Ramil Gabdulkhaev

PhD in Biological Functions and Medical Control course

Timetable of an ordinary day


Tell us about the research you are currently doing at BRI.

Research in our lab is concentrated around the pathology of the diseases of the human nervous system. The area is quite broad and includes a study of neurodegenerative diseases, neoplastic processes, various malformations, and autoimmune diseases, to name a few. My current research interest is around neuropathology of REM sleep behavior disorder (or RBD). Briefly, this disease manifests by peculiar behavior during REM-stage of the sleep which includes acting out of unpleasant, vivid dreams (violent and aggressive in nature, like being chased or attacked) and loss of muscle atonia which results in violent arms and legs movements (punching, kicking) which can cause trauma to a patient or his/her bed partner. The interesting point about this disease is that it precedes the development of the clinical symptoms of so-called synucleinopathies by 10 years or more. Synucleinopathies are a group of neurodegenerative diseases which are characterized by an accumulation of alpha-synuclein in vulnerable populations of neurons and include diseases such as Parkinson's disease (PD), multiple system atrophy (MSA) and dementia with Lewy bodies (DLB). Since RBD is a strong predictor of progression to synucleinopathies, the study of this pathology will shed a light on how REM-stage of the sleep is controlled and how certain neuronal populations become vulnerable to the accumulation of alpha-synuclein years before the development of clinical symptoms of PD, MSA or DLB.

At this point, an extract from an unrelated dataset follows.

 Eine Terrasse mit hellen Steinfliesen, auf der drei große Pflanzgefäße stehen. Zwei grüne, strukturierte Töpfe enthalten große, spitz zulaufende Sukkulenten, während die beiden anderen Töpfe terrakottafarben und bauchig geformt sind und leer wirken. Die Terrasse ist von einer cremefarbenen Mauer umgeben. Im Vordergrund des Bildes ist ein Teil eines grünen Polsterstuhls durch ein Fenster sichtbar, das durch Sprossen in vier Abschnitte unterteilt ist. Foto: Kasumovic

Why did you decide to come to BRI?

Neurology and neurosurgery were and are the most interesting topics for me. And during my years in medical school, I tried to engage in these fields as much as possible. Approaching closer to the graduation from my alma mater, I wanted to stay both in basic research and at the same time to keep my hand on the clinical and practical side of things. Fortunately, Kazan State Medical University (KSMU), where I got my MD degree, has ties with BRI, so I applied for a scholarship and got an opportunity to continue my education at Niigata University. BRI has an excellent platform for scientific investigation in the neurological and neurosurgical domains and provides a unique opportunity to perform cutting edge basic and clinical research as well as guidance from leading experts in the field. Moreover, Japan is well known for its high-quality research standards and studying at BRI will certainly teach you how to perform research and provide results which will influence the field. And last, but not the least, I was always fascinated by Japan and its culture, and studying at BRI makes possible to get to know Japan much closer as well as to learn a new language and broaden my horizons.

What would you like to say to people who are thinking about graduate programs at BRI?

If you are thinking about the graduate program at BRI, I would certainly suggest you apply for it without any hesitation. It is a unique experience in an excellent institution with a rich history and a wide range of basic and clinical research topics (or combination of both). The research environment at BRI is extremely inspiring and productive. Apart from BRI, Niigata prefecture is an amazing place. Nature here is captivating and there are a lot of places for sightseeing. And particular comment for the lovers of snowboarding and skiing: Niigata prefecture has more than 50 ski resorts, so if you like to snowboard or ski around gorgeous mountains and picturesque landscapes - this is a place to go.

Interviewed in February 2021.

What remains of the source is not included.